Activity
Retype the records below exactly as they appear.

Material to process
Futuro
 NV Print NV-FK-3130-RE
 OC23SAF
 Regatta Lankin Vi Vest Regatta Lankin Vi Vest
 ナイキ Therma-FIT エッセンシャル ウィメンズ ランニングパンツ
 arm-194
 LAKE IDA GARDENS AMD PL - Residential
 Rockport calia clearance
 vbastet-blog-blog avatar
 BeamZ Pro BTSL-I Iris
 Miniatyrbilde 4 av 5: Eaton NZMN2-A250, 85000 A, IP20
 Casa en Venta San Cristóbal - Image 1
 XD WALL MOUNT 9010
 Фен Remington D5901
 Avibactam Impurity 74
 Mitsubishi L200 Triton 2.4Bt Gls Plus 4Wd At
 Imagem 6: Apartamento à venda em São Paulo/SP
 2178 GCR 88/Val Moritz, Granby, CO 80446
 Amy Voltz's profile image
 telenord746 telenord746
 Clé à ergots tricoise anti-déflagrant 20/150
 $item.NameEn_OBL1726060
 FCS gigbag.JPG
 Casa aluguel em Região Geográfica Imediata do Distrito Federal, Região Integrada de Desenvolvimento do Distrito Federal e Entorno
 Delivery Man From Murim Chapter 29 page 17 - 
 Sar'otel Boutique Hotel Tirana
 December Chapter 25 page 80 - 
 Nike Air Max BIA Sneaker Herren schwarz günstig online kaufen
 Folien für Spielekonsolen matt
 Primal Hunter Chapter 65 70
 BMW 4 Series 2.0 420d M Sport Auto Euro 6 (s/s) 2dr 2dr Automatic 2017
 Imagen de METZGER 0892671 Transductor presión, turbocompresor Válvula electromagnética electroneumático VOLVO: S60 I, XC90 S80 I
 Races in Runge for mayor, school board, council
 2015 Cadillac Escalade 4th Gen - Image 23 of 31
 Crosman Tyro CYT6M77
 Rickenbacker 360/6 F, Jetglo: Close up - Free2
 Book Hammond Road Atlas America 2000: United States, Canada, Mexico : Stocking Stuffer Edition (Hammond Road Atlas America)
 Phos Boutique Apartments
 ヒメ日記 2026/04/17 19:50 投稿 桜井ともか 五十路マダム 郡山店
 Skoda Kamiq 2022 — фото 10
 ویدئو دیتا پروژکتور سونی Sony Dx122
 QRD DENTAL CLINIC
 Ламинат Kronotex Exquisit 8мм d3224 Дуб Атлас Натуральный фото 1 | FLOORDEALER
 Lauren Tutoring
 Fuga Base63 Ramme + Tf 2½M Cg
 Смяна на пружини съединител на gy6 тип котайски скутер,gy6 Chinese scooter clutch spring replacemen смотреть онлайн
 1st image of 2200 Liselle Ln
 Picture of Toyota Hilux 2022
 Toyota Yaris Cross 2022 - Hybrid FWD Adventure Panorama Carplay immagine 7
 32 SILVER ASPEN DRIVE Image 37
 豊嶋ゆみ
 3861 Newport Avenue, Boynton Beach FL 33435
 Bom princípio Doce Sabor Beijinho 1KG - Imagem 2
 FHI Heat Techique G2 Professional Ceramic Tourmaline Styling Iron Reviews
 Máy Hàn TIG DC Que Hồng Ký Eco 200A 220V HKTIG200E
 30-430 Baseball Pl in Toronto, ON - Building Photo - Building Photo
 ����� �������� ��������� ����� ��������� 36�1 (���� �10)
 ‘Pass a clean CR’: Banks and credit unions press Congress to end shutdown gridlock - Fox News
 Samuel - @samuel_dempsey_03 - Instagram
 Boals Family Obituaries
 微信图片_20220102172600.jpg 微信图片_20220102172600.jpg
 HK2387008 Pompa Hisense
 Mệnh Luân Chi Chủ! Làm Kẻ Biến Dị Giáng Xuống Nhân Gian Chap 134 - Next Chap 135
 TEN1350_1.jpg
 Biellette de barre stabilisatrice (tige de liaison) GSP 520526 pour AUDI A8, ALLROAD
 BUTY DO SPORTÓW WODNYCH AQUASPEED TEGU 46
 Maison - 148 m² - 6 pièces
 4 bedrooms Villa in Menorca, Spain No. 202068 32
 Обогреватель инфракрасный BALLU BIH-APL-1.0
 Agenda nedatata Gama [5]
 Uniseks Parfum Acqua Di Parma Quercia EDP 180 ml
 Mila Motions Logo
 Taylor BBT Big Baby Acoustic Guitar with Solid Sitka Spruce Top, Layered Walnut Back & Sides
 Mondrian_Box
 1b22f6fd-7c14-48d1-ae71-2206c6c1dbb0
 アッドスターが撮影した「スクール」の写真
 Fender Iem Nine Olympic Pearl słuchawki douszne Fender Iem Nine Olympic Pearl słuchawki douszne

Written response
Futuro
 NV Print NV-FK-3130-RE
 OC23SAF
 Regatta Lankin Vi Vest Regatta Lankin Vi Vest
 ナイキ Therma-FIT エッセンシャル ウィメンズ ランニングパンツ
 arm-194
 LAKE IDA GARDENS AMD PL - Residential
 Rockport calia clearance
 vbastet-blog-blog avatar
 BeamZ Pro BTSL-I Iris
 Miniatyrbilde 4 av 5: Eaton NZMN2-A250, 85000 A, IP20
 Casa en Venta San Cristóbal - Image 1
 XD WALL MOUNT 9010
 Фен Remington D5901
 Avibactam Impurity 74
 Mitsubishi L200 Triton 2.4Bt Gls Plus 4Wd At
 Imagem 6: Apartamento à venda em São Paulo/SP
 2178 GCR 88/Val Moritz, Granby, CO 80446
 Amy Voltz's profile image
 telenord746 telenord746
 Clé à ergots tricoise anti-déflagrant 20/150
 $item.NameEn_OBL1726060
 FCS gigbag.JPG
 Casa aluguel em Região Geográfica Imediata do Distrito Federal, Região Integrada de Desenvolvimento do Distrito Federal e Entorno
 Delivery Man From Murim Chapter 29 page 17 - 
 Sar'otel Boutique Hotel Tirana
 December Chapter 25 page 80 - 
 Nike Air Max BIA Sneaker Herren schwarz günstig online kaufen
 Folien für Spielekonsolen matt
 Primal Hunter Chapter 65 70
 BMW 4 Series 2.0 420d M Sport Auto Euro 6 (s/s) 2dr 2dr Automatic 2017
 Imagen de METZGER 0892671 Transductor presión, turbocompresor Válvula electromagnética electroneumático VOLVO: S60 I, XC90 S80 I
 Races in Runge for mayor, school board, council
 2015 Cadillac Escalade 4th Gen - Image 23 of 31
 Crosman Tyro CYT6M77
 Rickenbacker 360/6 F, Jetglo: Close up - Free2
 Book Hammond Road Atlas America 2000: United States, Canada, Mexico : Stocking Stuffer Edition (Hammond Road Atlas America)
 Phos Boutique Apartments
 ヒメ日記 2026/04/17 19:50 投稿 桜井ともか 五十路マダム 郡山店
 Skoda Kamiq 2022 — фото 10
 ویدئو دیتا پروژکتور سونی Sony Dx122
 QRD DENTAL CLINIC
 Ламинат Kronotex Exquisit 8мм d3224 Дуб Атлас Натуральный фото 1 | FLOORDEALER
 Lauren Tutoring
 Fuga Base63 Ramme + Tf 2½M Cg
 Смяна на пружини съединител на gy6 тип котайски скутер,gy6 Chinese scooter clutch spring replacemen смотреть онлайн
 1st image of 2200 Liselle Ln
 Picture of Toyota Hilux 2022
 Toyota Yaris Cross 2022 - Hybrid FWD Adventure Panorama Carplay immagine 7
 32 SILVER ASPEN DRIVE Image 37
 豊嶋ゆみ
 3861 Newport Avenue, Boynton Beach FL 33435
 Bom princípio Doce Sabor Beijinho 1KG - Imagem 2
 FHI Heat Techique G2 Professional Ceramic Tourmaline Styling Iron Reviews
 Máy Hàn TIG DC Que Hồng Ký Eco 200A 220V HKTIG200E
 30-430 Baseball Pl in Toronto, ON - Building Photo - Building Photo
 ����� �������� ��������� ����� ��������� 36�1 (���� �10)
 ‘Pass a clean CR’: Banks and credit unions press Congress to end shutdown gridlock - Fox News
 Samuel - @samuel_dempsey_03 - Instagram
 Boals Family Obituaries
 微信图片_20220102172600.jpg 微信图片_20220102172600.jpg
 HK2387008 Pompa Hisense
 Mệnh Luân Chi Chủ! Làm Kẻ Biến Dị Giáng Xuống Nhân Gian Chap 134 - Next Chap 135
 TEN1350_1.jpg
 Biellette de barre stabilisatrice (tige de liaison) GSP 520526 pour AUDI A8, ALLROAD
 BUTY DO SPORTÓW WODNYCH AQUASPEED TEGU 46
 Maison - 148 m² - 6 pièces
 4 bedrooms Villa in Menorca, Spain No. 202068 32
 Обогреватель инфракрасный BALLU BIH-APL-1.0
 Agenda nedatata Gama [5]
 Uniseks Parfum Acqua Di Parma Quercia EDP 180 ml
 Mila Motions Logo
 Taylor BBT Big Baby Acoustic Guitar with Solid Sitka Spruce Top, Layered Walnut Back & Sides
 Mondrian_Box
 1b22f6fd-7c14-48d1-ae71-2206c6c1dbb0
 アッドスターが撮影した「スクール」の写真
 Fender Iem Nine Olympic Pearl słuchawki douszne Fender Iem Nine Olympic Pearl słuchawki douszne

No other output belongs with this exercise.